Все эмоции, от А до Я, а смысл один.

«Умоляю, Кристофер, давай с тобой вместе вернемся в твою жизнь».

На каждом нераспечатанном конверте – от пожелтевшего до девственно-белого – один и тот же равнодушный штамп.

возврат по адресу отправителя.

Мать Кристофера со стуком задвинула ящик. Нюни распускать нельзя. Уж во всяком случае сегодня. Когда столько дел. Нужно посидеть в теплой кухне, глядя в окно на зимний холод. И вспомнить сына маленьким мальчиком, который ее боготворил. А не взрослым парнем, который взирал на нее с тем же презрением, с каким она когда-то смотрела на свою мать.

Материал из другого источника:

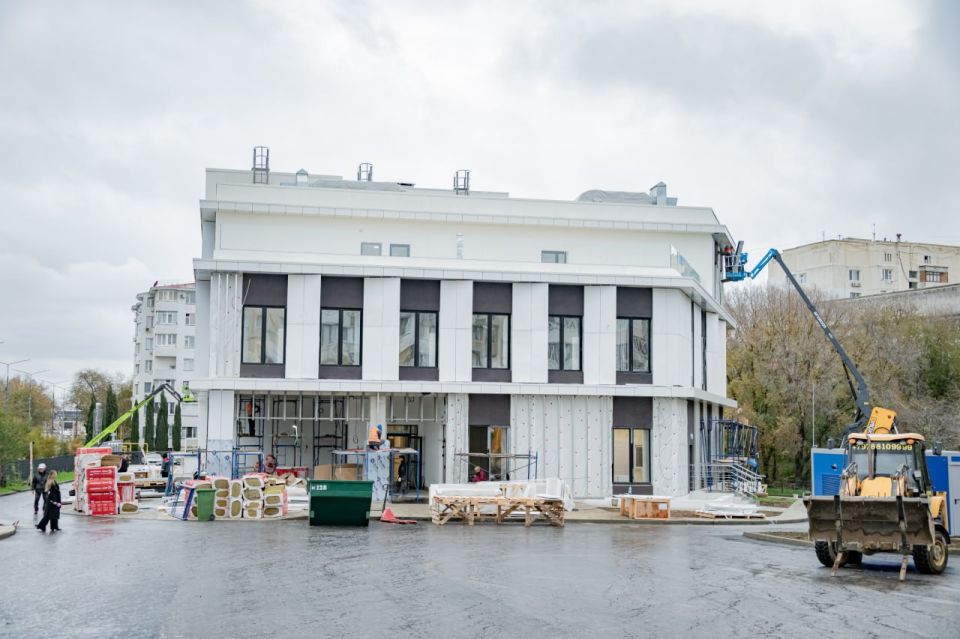 Михаил Развожаев: В Севастополе завершается строительство новой поликлиники на улице Молодых строителей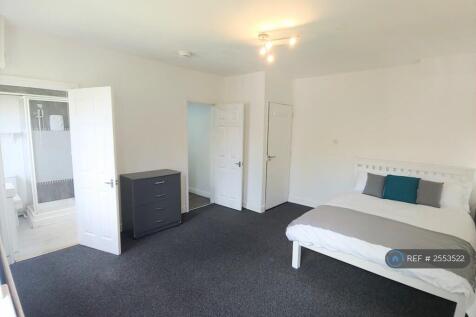 Flat 6 : Main Room.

Все эти события прокручивались у нее в голове, как старая виниловая пластинка, которую заело на последних аккордах. И ни туда ни сюда. Доводилось ли ей, кстати, бывать тут прежде? Разве не сиживала она в одиночестве у окна этой теплой кухни, надеясь, что он придет с холода? Разве не договаривалась с почтальоном, чтобы тот доставлял ей письма до порога? Надеялась. Молилась. Чтобы хоть раз получить конверт без штампа «возврат по адресу отправителя». Хоть одно письмецо, написанное рукой взрослого сына. Мам, прости. Мам, я знаю, как тебе было тяжело. Мам, ради меня ты поставила крест на собственной жизни, но я тебя не осуждаю. Я тебя понимаю. И для маленького мальчика ты до сих пор – героиня.

Спрятав лицо в ладони, мать Кристофера зарыдала. Всхлипы отдавались эхом от кухонных стен, и ей на миг показалось, что даже слезы падают со стуком, как деревья в лесу, где никто этого не слышит.

Тук. Тук.

Мать Кристофера встрепенулась. Сердце екнуло. Она бросилась в прихожую. В свое время во входной двери была сделана прорезь для почты – ходить до почтового ящика на тротуаре стало уже невмоготу. Или это Джерри запретил ей выходить за порог одной? Что-то она подзабыла.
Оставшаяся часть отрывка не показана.